* _Activity_
Line by line, set down the records below from the first line through the line containing "DS0054 Natural Dried Pampas Grass 160cm". Omit the pictures.

[Information supplied Boundary: Start]

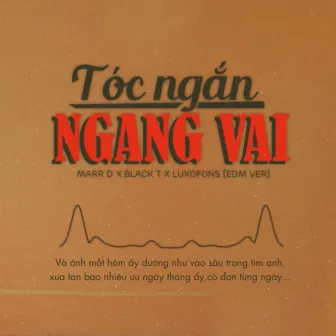 Tóc Ngắn Ngang Vai (EDM Version) by Black T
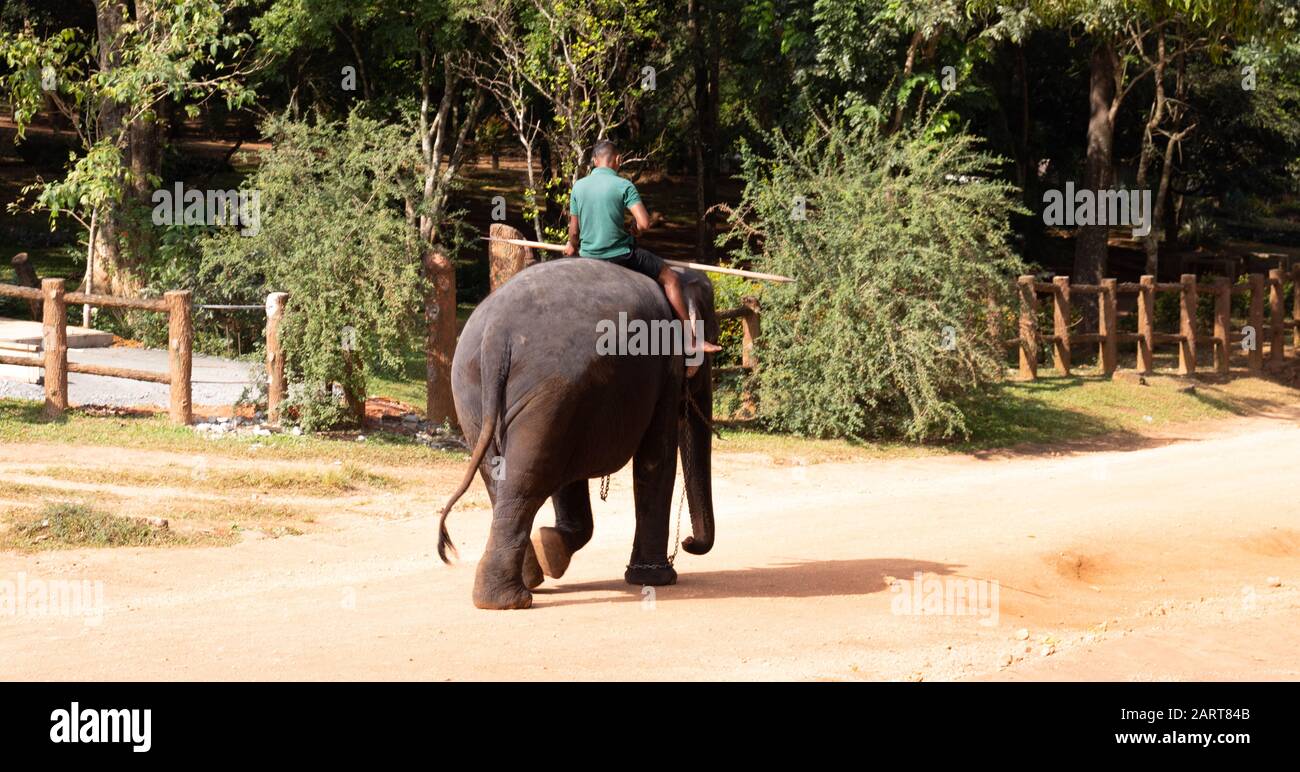 Pinnawala Elephant Orphanage is a nursery and captive breeding ground for wild Asian elephants and has the largest herd of captive elephants in the w Stock Photo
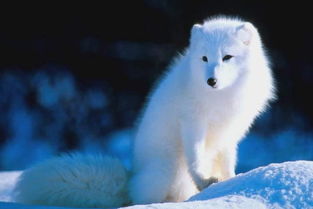 做梦梦见一只白狐狸是什么意思 周公解梦 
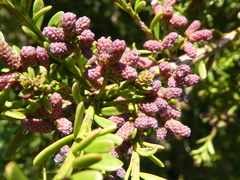 Podocarpus lawrencei
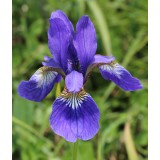 Iiris (lill)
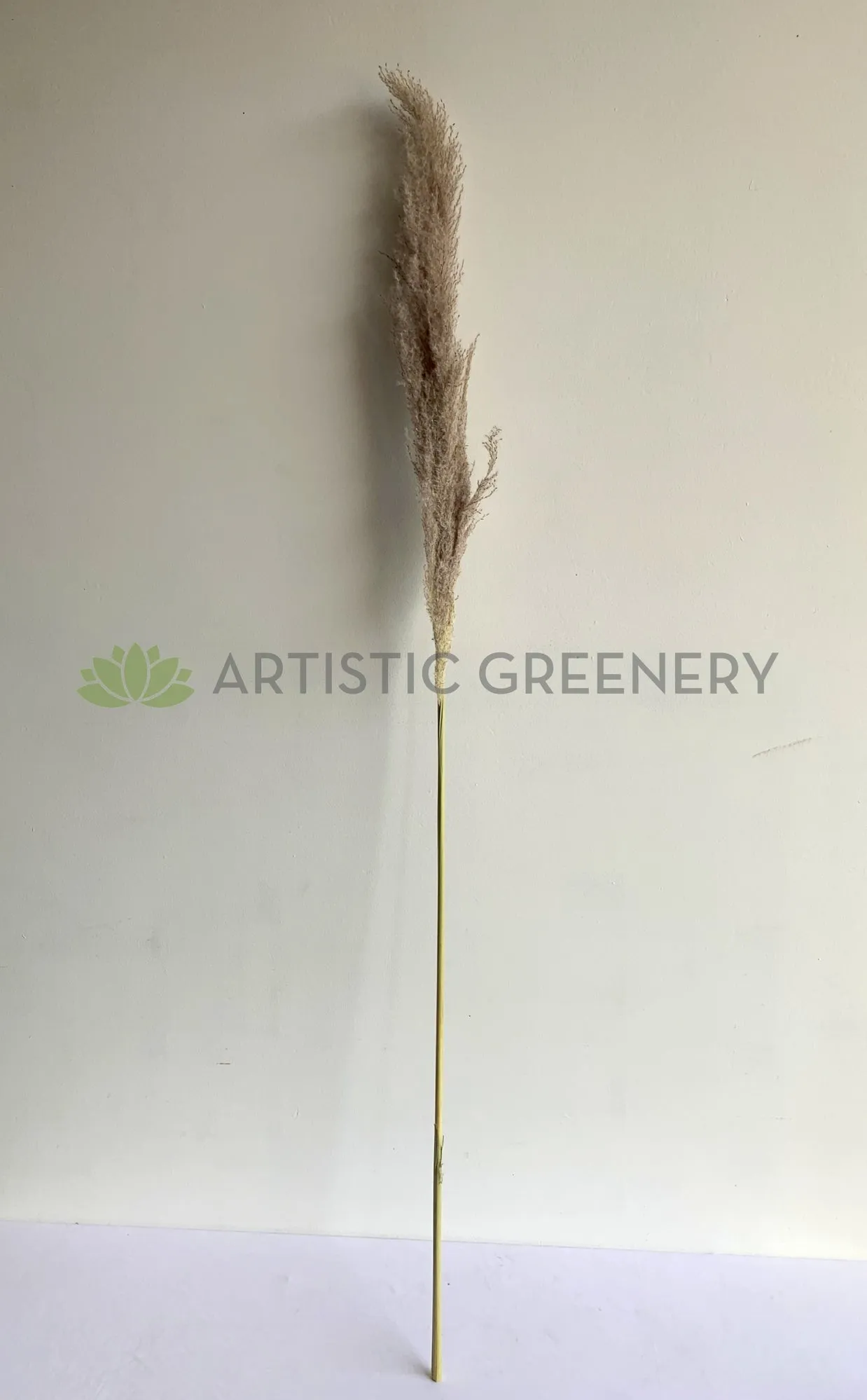 DS0054 Natural Dried Pampas Grass 160cm
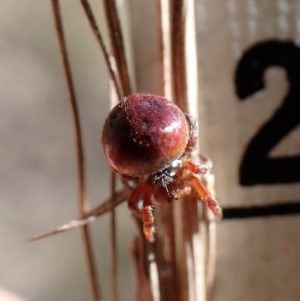 Araneus sp. (genus) at Aranda, ACT - 16 Nov 2022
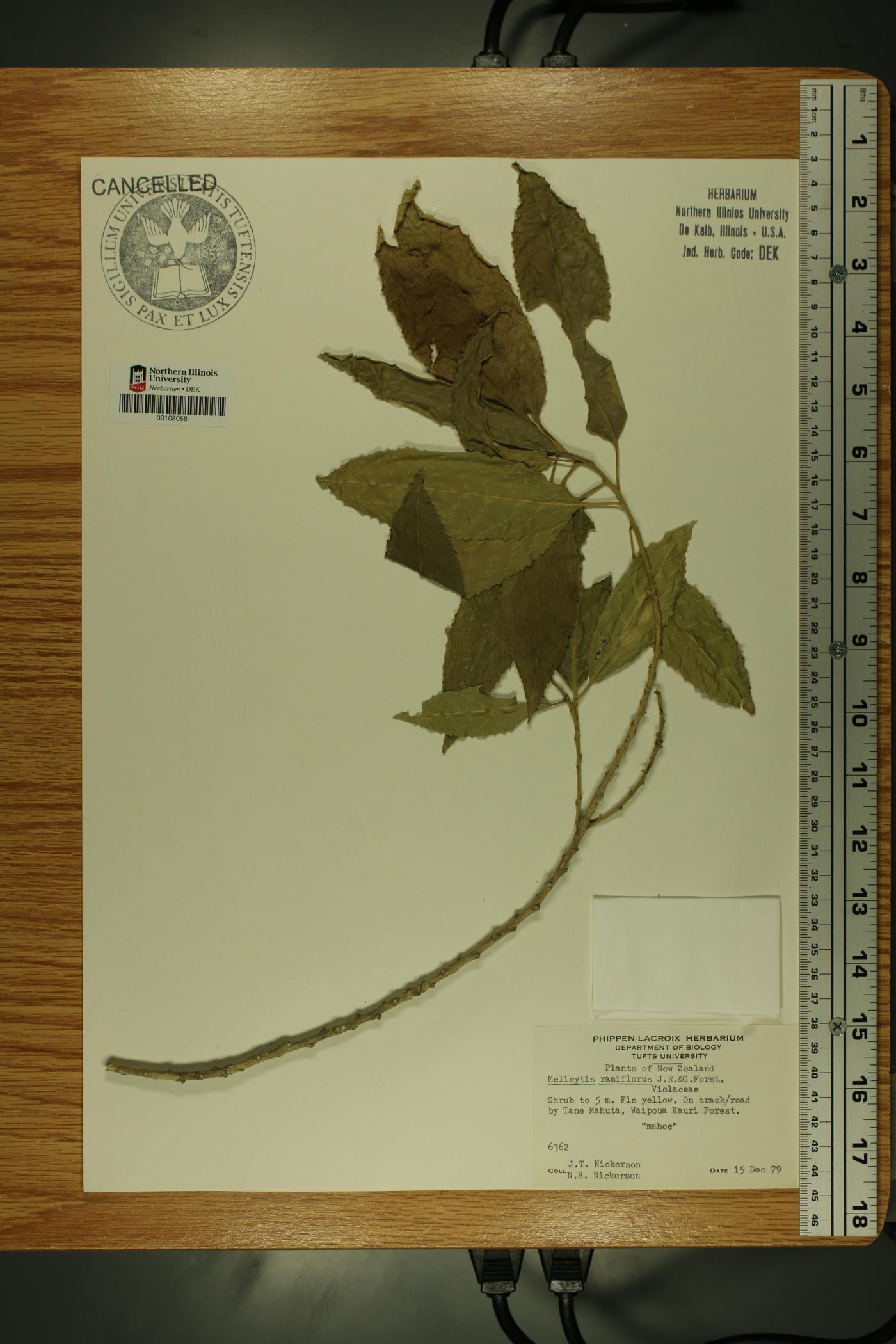 Melicytus ramiflorus image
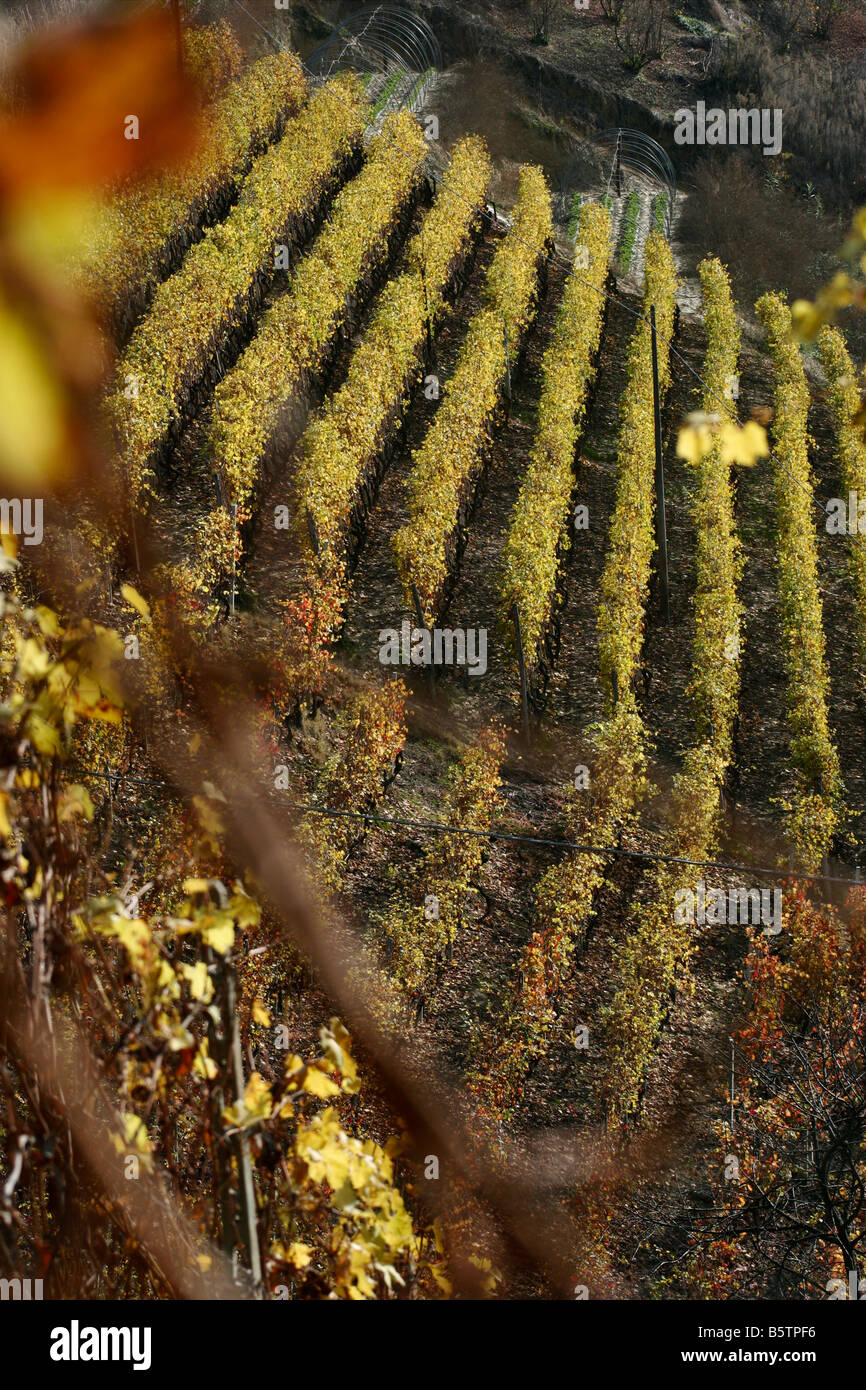 Roero, Piemont, Italien. Stockfoto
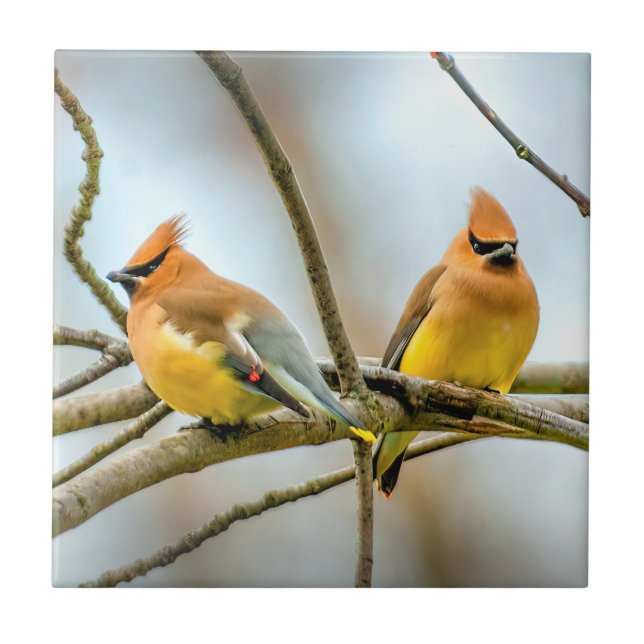 Azulejo Cedar Waxwing - Fotografía original (Frente)
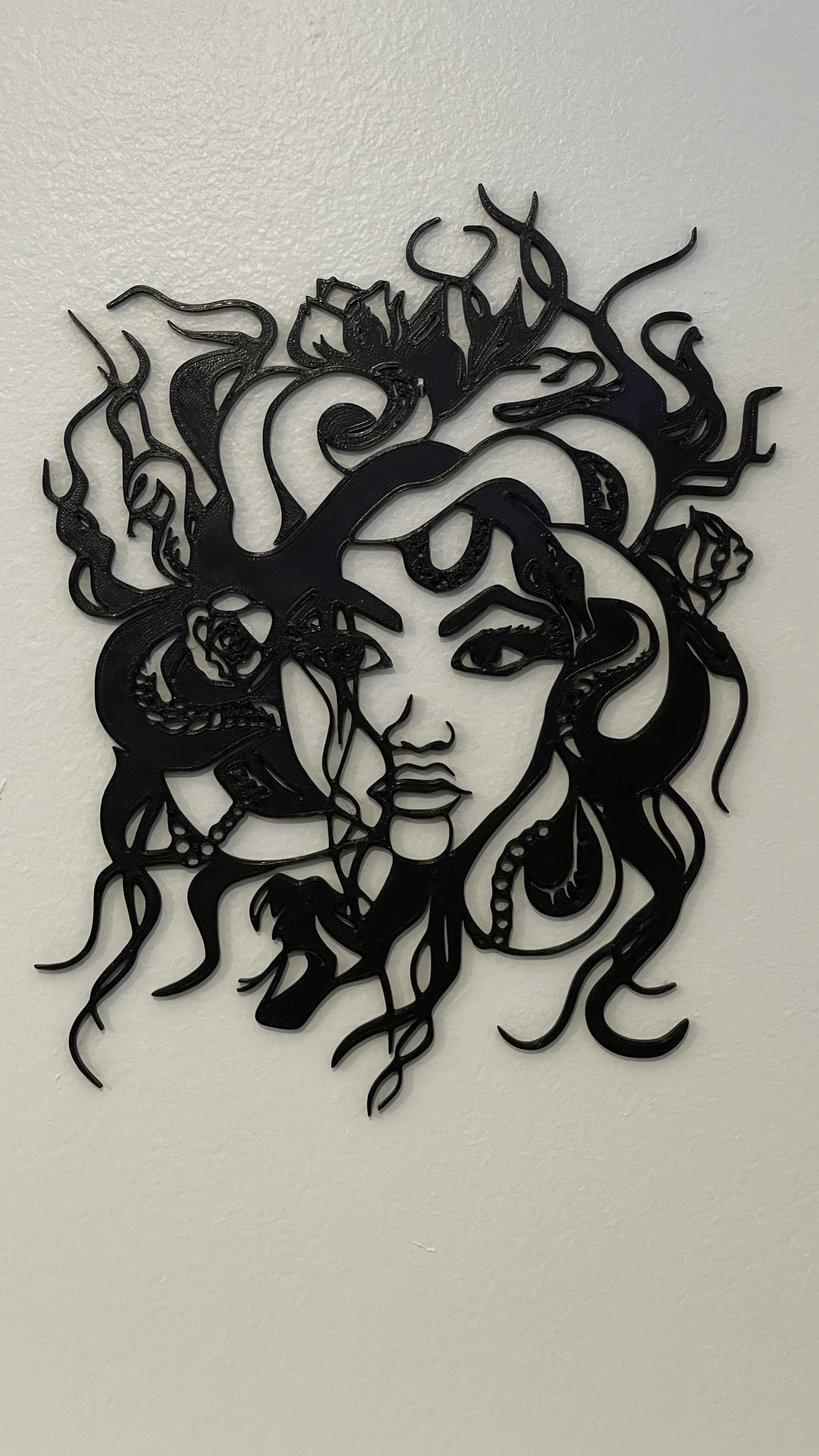 Medusa Wall Art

[Information supplied Boundary: End]

* _Your response_
 Tóc Ngắn Ngang Vai (EDM Version) by Black T
 Pinnawala Elephant Orphanage is a nursery and captive breeding ground for wild Asian elephants and has the largest herd of captive elephants in the w Stock Photo
 做梦梦见一只白狐狸是什么意思 周公解梦 
 Podocarpus lawrencei
 Iiris (lill)
 DS0054 Natural Dried Pampas Grass 160cm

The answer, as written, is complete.